Конечно, Шевцов должен был подчиняться законам сталинистской мимикрии, маскирующей зоологический антисемитизм идеологическими ярлыками. Ради такой мимикрии он вложил свои заветные мысли в уста одного из персонажей повести – еврея Герцовича, представленного в качестве старого большевика, к тому же репрессированного в годы сталинизма. Это призвано было придать убедительность утверждениям автора антисемитского пасквиля, которые высказывались от лица Герцовича: «Сионизм (в отличие от фашизма.– В. Р.) идёт другим путём – скрытым, тайным, проникая во все жизненно-важные ячейки государств всего мира, подтачивая изнутри всё сильное, здоровое, патриотическое, прибирая к рукам, захватывая все главные позиции административной, экономической и духовной жизни той или иной страны. Как фашисты, так и сионисты люто ненавидят марксизм-ленинизм и его идеологию, в частности, идеи интернационализма, братства народов, с той лишь разницей, что сион охотно засылал свою агентуру в международное коммунистическое и рабочее движение. Иногда их агентам удавалось пробираться и к руководству компартий. И тут перед Герцовичем всегда вставал образ Иудушки-Троцкого (Бронштейна), которого он считал одним из типичных агентов сионизма, провокатором № 1». Чувствуя, что здесь он чересчур зарывается, Шевцов делал оговорку, что такие мысли представляли «личную точку зрения Арона Марковича, его собственный взгляд и убеждение, быть может, не совпадающее с теоретическими исследованиями философов и социологов» [403].

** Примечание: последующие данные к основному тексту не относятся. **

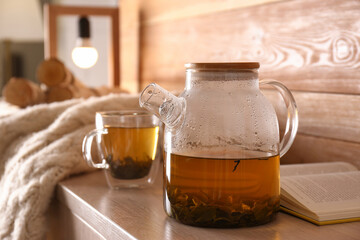 Poster - Glass teapot and cup of hot tea near open book on wooden table in room. Cozy home atmosphere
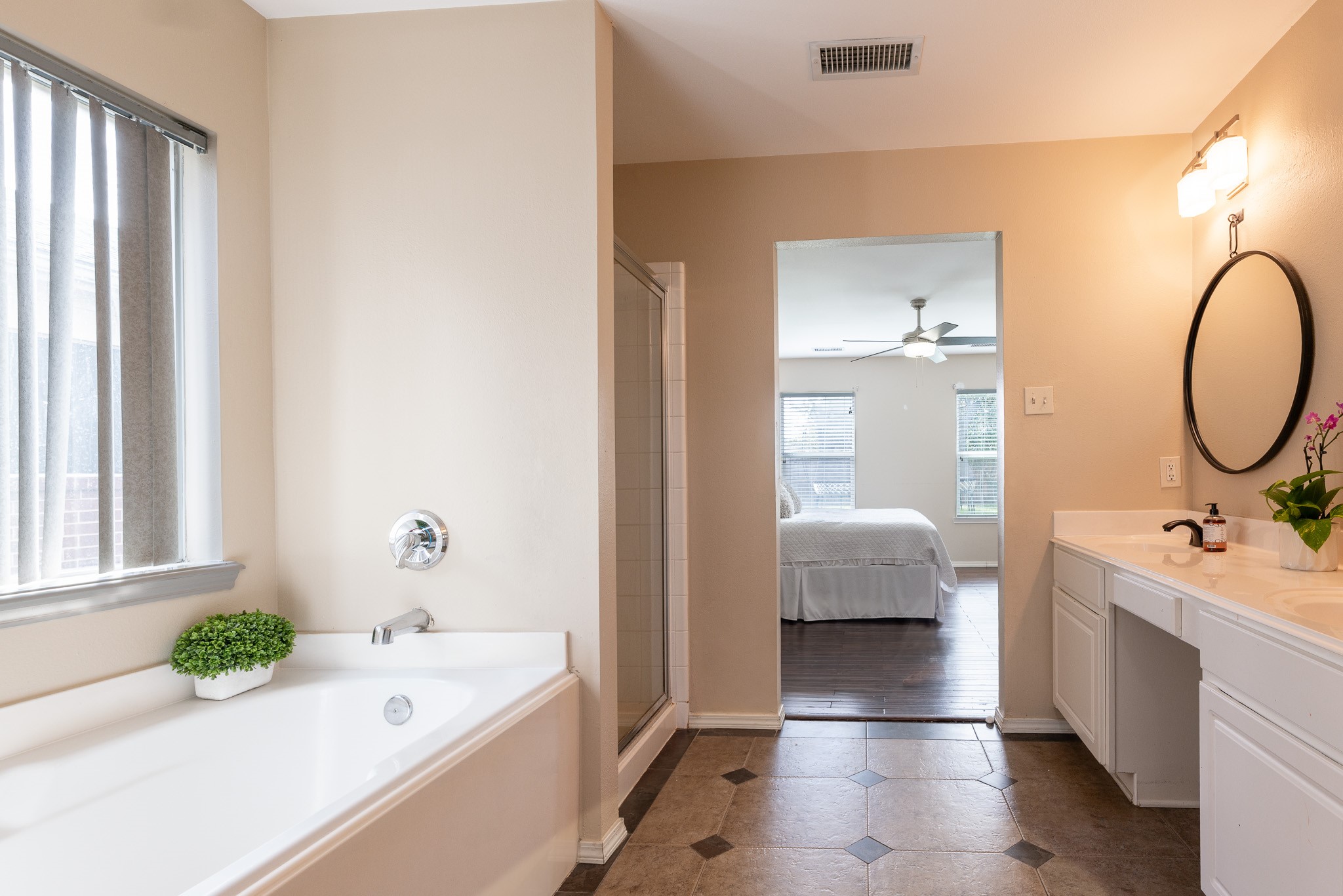 17323 Dakota Ridge Drive Houston, TX 77095 - Photo 10 of 25 a en suite bathroom with a tub sink and mirror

Далее Шевцов вкладывал в уста Герцовича похвалу Сталину за то, что он «освободил» Советский Союз от Троцкого. Заявляя, что Троцкий «рвался в диктаторы, рассчитывая руками желторотых юнцов разделаться с коммунистами», Герцович прибавлял: «Троцкий расставлял свои кадры в армии. И если б Сталин не разглядел его – что бы было? Кошмар похлеще гитлеризма. Я-то знаю. Пускай там что угодно говорят историки, а я знаю: между сионизмом и троцкизмом дорожка прямёхонькая… На чём они сходились? На жажде владеть миром… Троцкий был сионист и его так называемая партия – прямая ветвь сионизма» [404].
Таким образом, нынешние аргументы «Памяти», «баркашовцев» и других антисемитских клик были высказаны на страницах советской печати двадцать пять лет тому назад. Суждения, близкие тем, которые содержались в повести Шевцова, проникли ныне даже в программу КПРФ, где утверждается, что «носители мелкобуржуазной идеологии (внутри большевистской партии.– В. Р.) рассматривали страну и государственную собственность как „добычу“, подлежащую разделу. Первоначально их стремления прикрывались ложным, троцкистским толкованием интернационального долга Советской России» [405].

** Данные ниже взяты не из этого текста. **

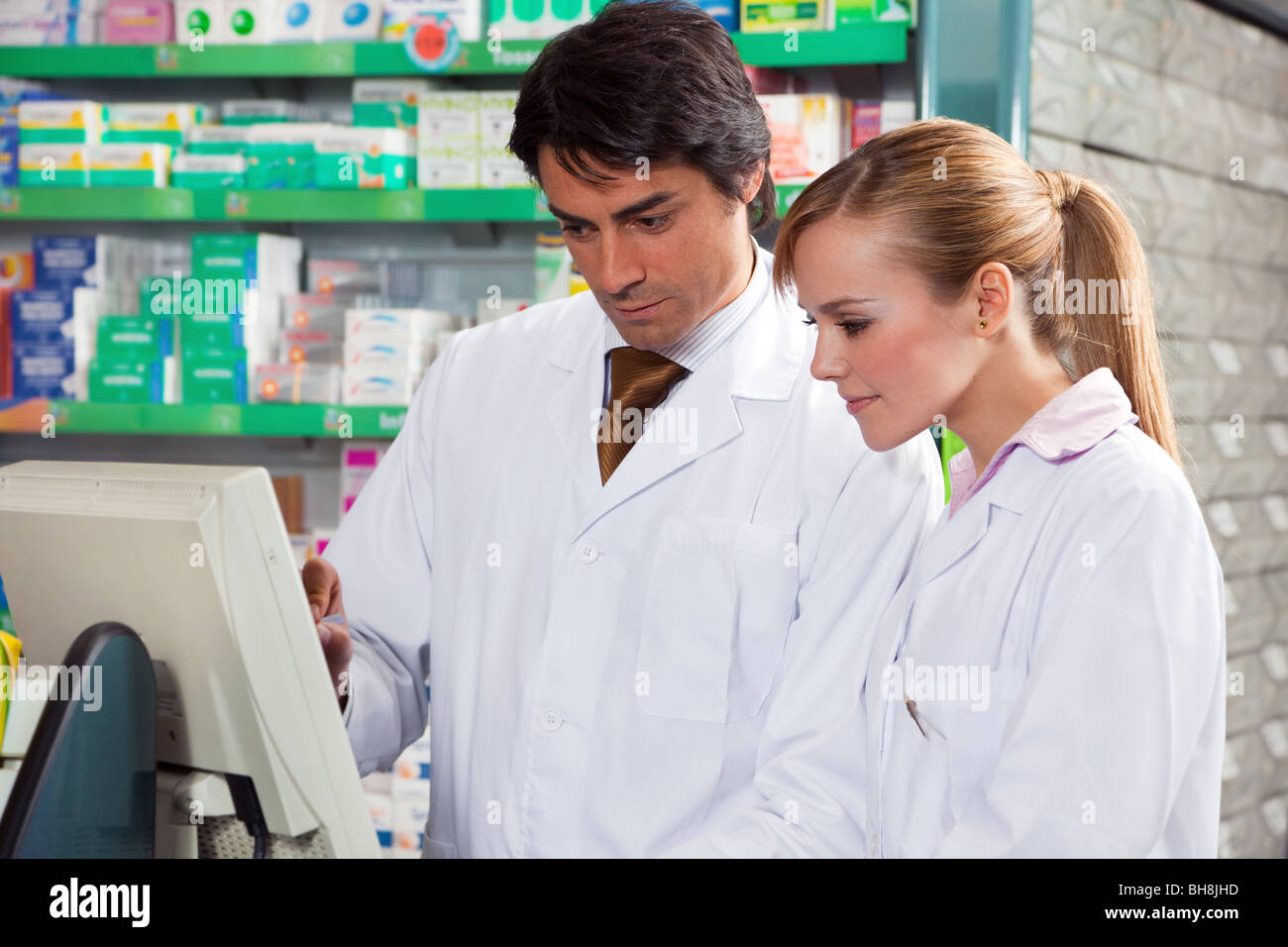 male and female pharmacists looking at computer screen Stock Photo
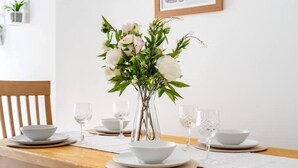 Una mesa de comedor dispuesta con platos, tazones y copas de vino blancos, y un florero con flores en el centro.
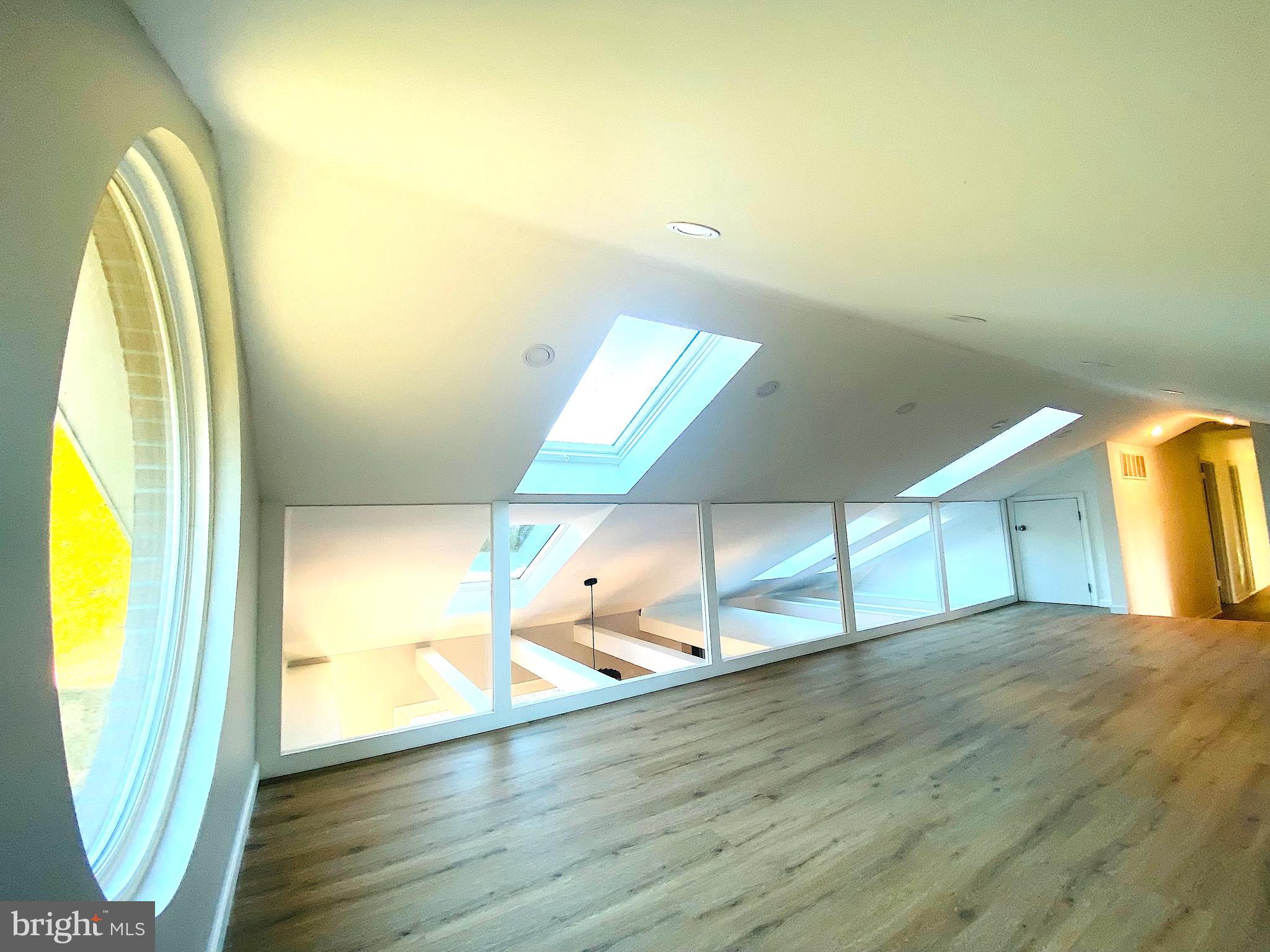 10533 Stevenson Road Stevenson, MD 21153 - Photo 38 of 45 a view of a room with wooden floor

Свою лепту в разжигание ненависти к евреям и Троцкому вносили и украинские националисты. В 1963 году в журнале «Днипро» был опубликован роман А. Димарова «Шляхами життя». Одним из его центральных персонажей был начальник уездного ГПУ Соломон Ляндер, который «за образец взял себе Льва Троцкого, следуя ему во всём, даже в мельчайших деталях одежды, даже в жестах. А поскольку Россия могла вынести на своих плечах только одного Троцкого, Ляндер решил быть более скромным и удовлетвориться пока что ролью Троцкого уездного масштаба» (курсив мой.– В. Р.). К этому автор прибавлял, что Ляндер унаследовал «от отца Герша, а отцом от деда Мотеле, а дедом от прадеда Хаима – ненависть к „этим проклятым хохлам“» [406]. Примечательно, что бдительная «коммунистическая» цензура пропустила все эти пассажи, представлявшие фактическую проповедь национальной вражды, натравливание украинцев на евреев.

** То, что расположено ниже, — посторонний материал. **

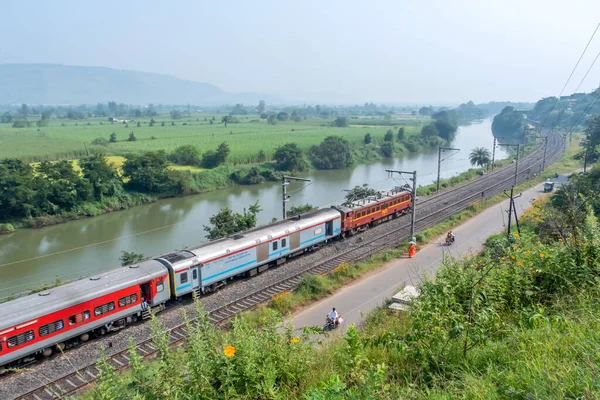 Pune, Hindistan - 15 Ekim 2023: WCAM2P elektrikli lokomotif Pune Hindistan yakınlarındaki bir yolcu trenini taşıyor.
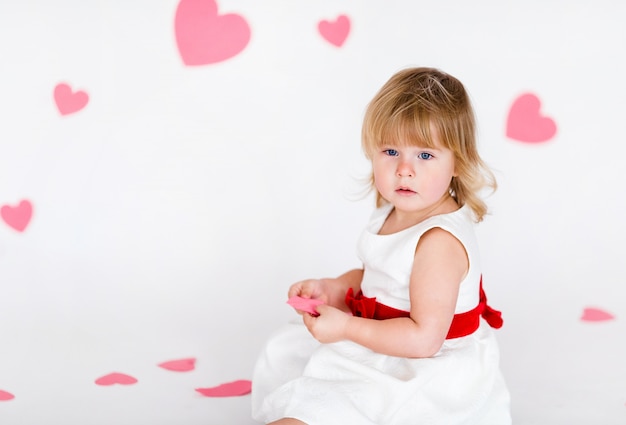 Kleines blondes Mädchen im weißen Kleid mit rotem Band auf weißem Boden mit rosa Herzen am Valentinsgrußtag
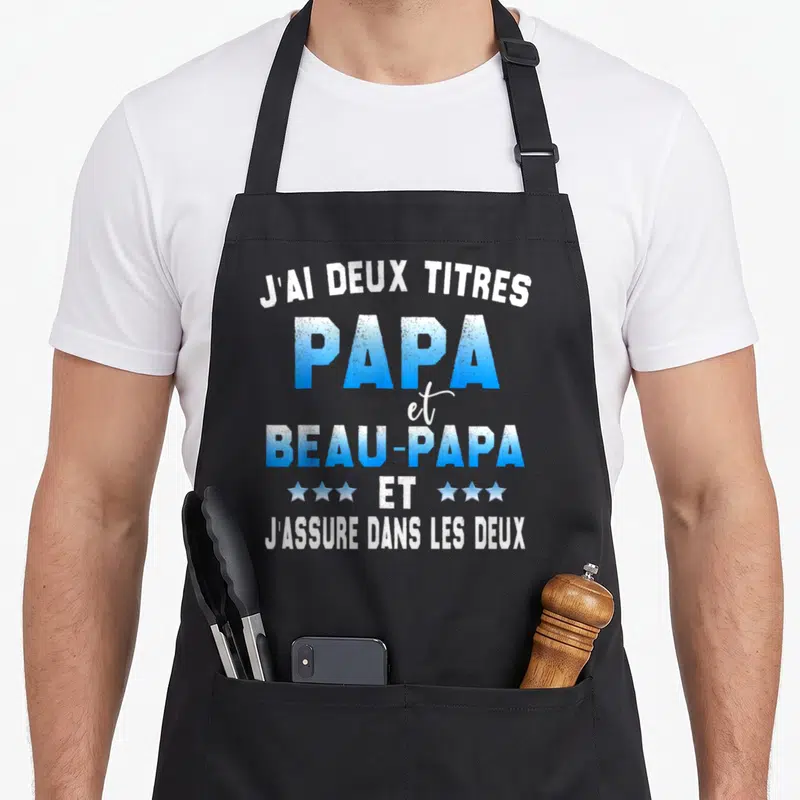 Tablier de cuisine noir avec l'inscription J'ai deux titres Papa et Beau-Papa en bleu et blanc.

Следует ли после всего этого удивляться тому, что в годы «перестройки» и «демократических реформ» антисемитские настроения выплеснулись наружу, приведя к возрождению открыто черносотенных организаций со своими многочисленными изданиями и даже боевыми отрядами. При этом в антисемитской агитации заметное место заняли мифы о «зловещих троцкистских планах», смыкавшихся с «мировой стратегией сионизма». Не только в изданиях русских фашистов, но и в более «респектабельных» журналах «Наш современник», «Москва» и «Молодая гвардия» преклонение перед Сталиным как национальным вождём русского народа сочетается с озлобленными выпадами уже не против одного Троцкого, но и против всего большевизма, с объявлением Октябрьской революции «еврейской революцией» и т. д. Так семена, посеянные Сталиным в 30-е годы, дали обильные всходы в последующие десятилетия.